Aim of the task :: Whenever a line of the material contains the string "Shirt", it should be copied.

Input data ::
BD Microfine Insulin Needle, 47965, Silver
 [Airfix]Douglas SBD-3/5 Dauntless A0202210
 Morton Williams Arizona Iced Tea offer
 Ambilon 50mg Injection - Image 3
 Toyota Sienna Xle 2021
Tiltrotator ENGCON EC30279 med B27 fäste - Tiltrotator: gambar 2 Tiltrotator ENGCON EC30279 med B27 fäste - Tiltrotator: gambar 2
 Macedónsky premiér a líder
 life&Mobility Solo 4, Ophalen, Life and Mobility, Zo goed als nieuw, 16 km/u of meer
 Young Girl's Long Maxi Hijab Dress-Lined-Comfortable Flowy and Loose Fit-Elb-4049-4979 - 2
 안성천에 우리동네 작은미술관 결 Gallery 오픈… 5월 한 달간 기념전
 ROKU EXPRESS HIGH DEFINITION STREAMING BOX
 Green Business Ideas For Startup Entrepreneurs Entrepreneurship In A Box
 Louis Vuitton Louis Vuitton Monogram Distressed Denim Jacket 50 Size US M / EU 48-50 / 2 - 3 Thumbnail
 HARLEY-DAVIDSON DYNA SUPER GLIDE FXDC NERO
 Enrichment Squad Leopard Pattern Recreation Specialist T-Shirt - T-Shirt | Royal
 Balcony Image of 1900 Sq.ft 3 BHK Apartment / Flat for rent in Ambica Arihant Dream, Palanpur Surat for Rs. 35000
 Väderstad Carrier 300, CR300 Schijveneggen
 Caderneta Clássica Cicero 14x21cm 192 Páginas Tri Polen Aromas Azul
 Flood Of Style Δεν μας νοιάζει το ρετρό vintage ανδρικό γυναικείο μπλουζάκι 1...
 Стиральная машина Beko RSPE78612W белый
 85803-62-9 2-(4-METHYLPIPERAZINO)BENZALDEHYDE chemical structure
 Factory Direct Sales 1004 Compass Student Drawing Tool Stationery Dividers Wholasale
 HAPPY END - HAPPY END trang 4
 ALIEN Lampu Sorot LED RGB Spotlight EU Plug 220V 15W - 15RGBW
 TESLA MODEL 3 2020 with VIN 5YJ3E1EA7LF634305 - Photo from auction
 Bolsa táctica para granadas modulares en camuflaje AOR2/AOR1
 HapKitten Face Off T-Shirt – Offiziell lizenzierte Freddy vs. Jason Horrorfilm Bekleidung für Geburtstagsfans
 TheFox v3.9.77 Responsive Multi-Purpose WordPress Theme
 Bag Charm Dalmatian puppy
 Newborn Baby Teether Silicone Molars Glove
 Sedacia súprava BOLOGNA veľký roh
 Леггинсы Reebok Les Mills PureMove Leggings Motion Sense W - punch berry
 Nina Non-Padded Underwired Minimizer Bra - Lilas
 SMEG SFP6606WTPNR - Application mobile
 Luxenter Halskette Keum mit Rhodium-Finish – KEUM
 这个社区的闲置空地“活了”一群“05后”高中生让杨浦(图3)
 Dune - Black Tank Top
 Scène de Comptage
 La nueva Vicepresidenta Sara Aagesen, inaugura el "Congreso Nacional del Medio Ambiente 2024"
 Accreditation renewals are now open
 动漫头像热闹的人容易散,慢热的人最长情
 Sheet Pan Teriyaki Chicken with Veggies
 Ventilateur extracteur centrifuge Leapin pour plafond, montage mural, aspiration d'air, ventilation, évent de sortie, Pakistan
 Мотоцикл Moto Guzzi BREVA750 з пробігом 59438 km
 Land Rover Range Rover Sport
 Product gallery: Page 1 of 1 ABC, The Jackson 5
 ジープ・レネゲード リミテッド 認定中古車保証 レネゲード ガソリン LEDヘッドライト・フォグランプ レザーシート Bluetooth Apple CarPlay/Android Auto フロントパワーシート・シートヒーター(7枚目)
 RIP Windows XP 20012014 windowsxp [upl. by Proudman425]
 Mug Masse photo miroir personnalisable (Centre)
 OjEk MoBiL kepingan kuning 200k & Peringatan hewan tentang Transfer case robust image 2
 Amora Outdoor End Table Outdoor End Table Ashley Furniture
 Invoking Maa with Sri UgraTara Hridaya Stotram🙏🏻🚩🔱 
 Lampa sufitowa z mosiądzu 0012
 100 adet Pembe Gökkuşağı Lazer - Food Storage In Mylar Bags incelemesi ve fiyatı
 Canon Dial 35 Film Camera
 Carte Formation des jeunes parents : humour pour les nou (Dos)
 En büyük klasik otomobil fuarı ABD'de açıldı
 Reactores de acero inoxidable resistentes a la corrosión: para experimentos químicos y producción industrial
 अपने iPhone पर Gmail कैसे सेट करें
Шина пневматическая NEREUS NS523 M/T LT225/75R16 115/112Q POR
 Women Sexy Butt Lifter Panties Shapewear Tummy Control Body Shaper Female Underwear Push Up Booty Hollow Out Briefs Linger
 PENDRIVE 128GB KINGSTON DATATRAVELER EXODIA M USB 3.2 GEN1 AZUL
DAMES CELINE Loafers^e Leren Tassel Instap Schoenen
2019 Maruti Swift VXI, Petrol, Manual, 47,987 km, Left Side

Task solution ::
 Enrichment Squad Leopard Pattern Recreation Specialist T-Shirt - T-Shirt | Royal
 HapKitten Face Off T-Shirt – Offiziell lizenzierte Freddy vs. Jason Horrorfilm Bekleidung für Geburtstagsfans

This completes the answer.